1.7 KiB
1.7 KiB
Blackwell Distributed GEMM
This example implements Tensor Parallel GEMMs for the Hopper architecture with the experimental Distributed GEMM API in CUTLASS.
This example requires Blackwell GPUs with an any-to-any NVLink network. Please refer to REQUIREMENTS.md for more information.
By default, the example assumes 8 GPUs (TP=8) and runs an All Gather + GEMM operation, which rotates operand A. To run with a different number of GPUs or schedule, please refer to 82_blackwell_distributed_gemm.cu.
Getting started
Command line arguments are mostly similar to other examples:
--m=<int> Sets the M extent of the GEMM
--n=<int> Sets the N extent of the GEMM
--k=<int> Sets the K extent of the GEMM
--l=<int> Sets the L extent (batch) of the GEMM (default: 1)
--alpha=<f32> Epilogue scalar alpha (default: 1.0)
--beta=<f32> Epilogue scalar beta (default: 0.0)
--iterations=<int> Number of profiling iterations to perform (default: 100)
--warmup-iterations=<int> Number of warmup iterations prior to profiling (default: 10)

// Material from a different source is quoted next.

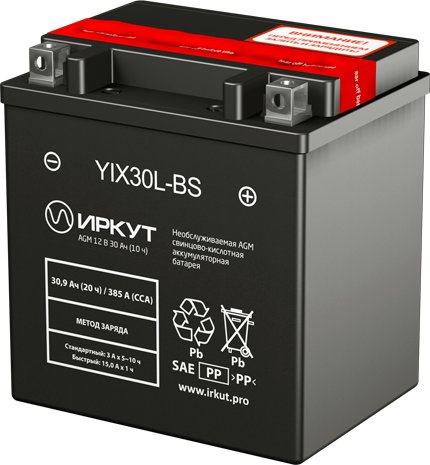 

Мотоциклетный аккумулятор Иркут YIX30L-BS (30 А·ч)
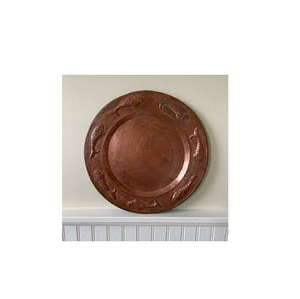 Antique martelé frontière mariage cuivre chargeur plaque ustensiles de cuisine et restaurants et brillant à la main poli - Product Image 1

--eps=<f32> Threshold for error compared to reference GEMM (default: 0.0)
Sample run command:
./82_blackwell_distributed_gemm --m=16384 --n=106496 --k=16384 --warmup-iterations=10 --iterations=100
This example follows the Hopper example very closely, and only differs in the base GEMM kernel. For more information you can refer to that example.